Pride P.E.I. chairman calls for changes to 'ridiculous' blood donation policy

Tyler Murnaghan says it’s disappointing homosexual men can’t donate blood with an urgent need for donors

Dave Stewart dstewart@theguardian.pe.ca
Published on October 9, 2014

Tyler Murnaghan, interim chairman of Pride P.E.I., is upset that men who have had sex with men within the past five years are banned from donating blood. He is standing in front of the Canadian Blood Services offices in Charlottetown.

©Guardian photo by Brian McInnis

The interim chairman of Pride P.E.I. says it’s ridiculous that homosexual men aren’t allowed to donate blood.

Tyler Murnaghan is reacting to the Canadian Blood Services nationwide appeal for blood donations last week.

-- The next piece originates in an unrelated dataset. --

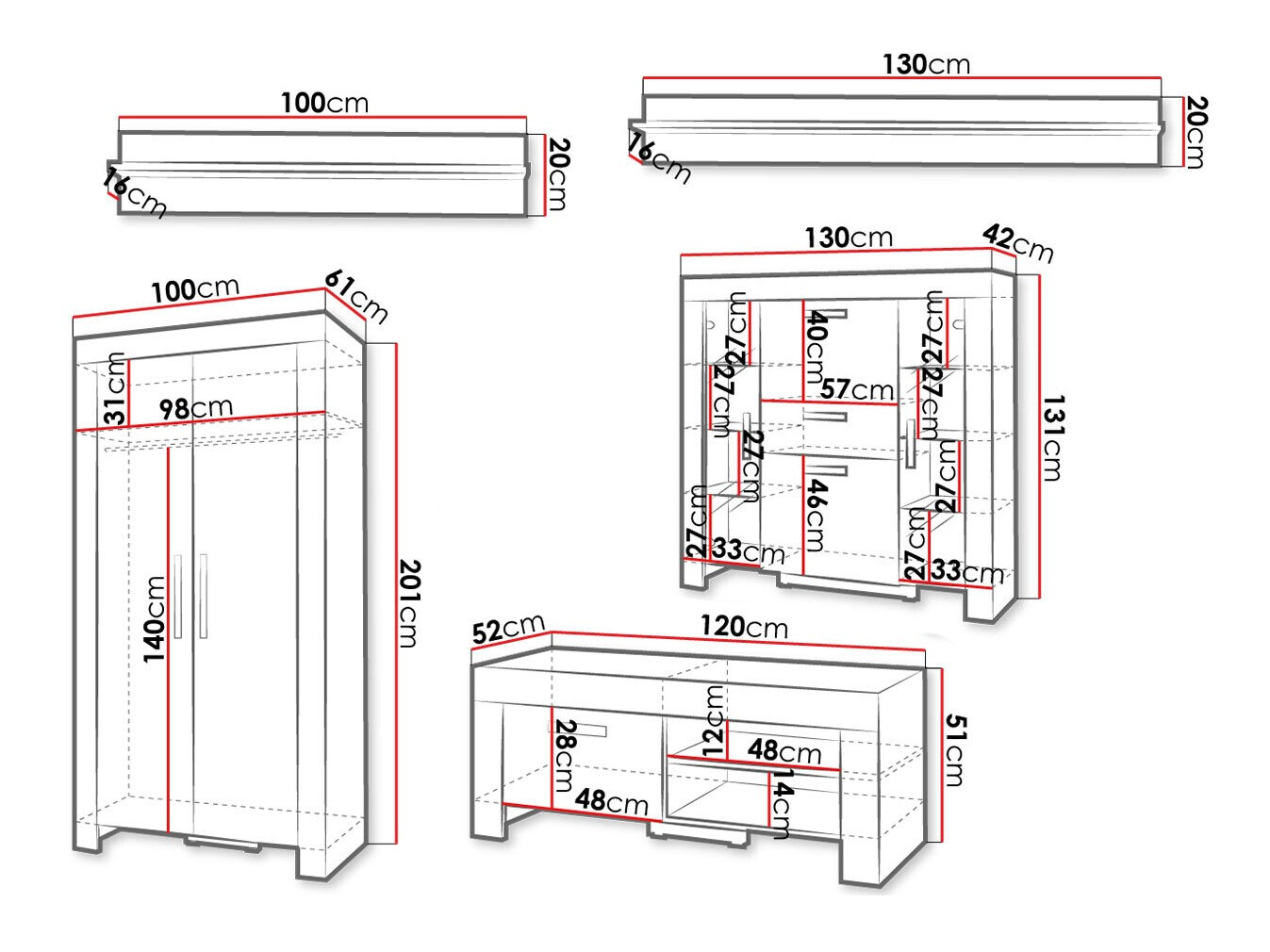 Woonkamerset Melfeli 127 (Sonoma eik)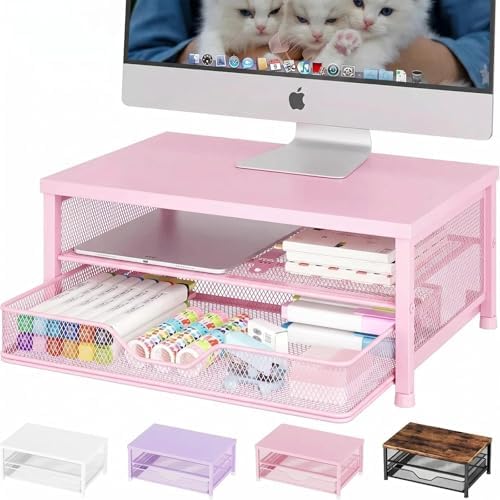 OPNICE Computer Monitor Stand Riser, Desk Organizer with Drawer, Printer & Laptop Stand, Office Desk Accessories & Workspace Desktop Organizers Storage for Office Supplies(Pink) by OPNICE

Peter MacDonald, director of donor relations in Atlantic Canada for CBS, said there was an urgent need and that their inventory was at the lowest point since 2008.

“In fact, it’s 35 per cent below what we plan for at this point in time,’’ MacDonald said last week.

Murnaghan said there are lots of people willing to line up to donate but aren’t allowed to. Men who have had sex with other men in the past five years are prohibited from donating blood.

“It’s disappointing to know that people need this blood to get surgeries and there’s nothing you can do to help,’’ Murnaghan said. “It definitely comes from the stigma, the blood crisis that happened years ago, the stigma around HIV AIDS. It all stems from that.’’

When asked for comment, Canadian Blood Services said no one was immediately available for comment but the organization did provide some background behind the decision.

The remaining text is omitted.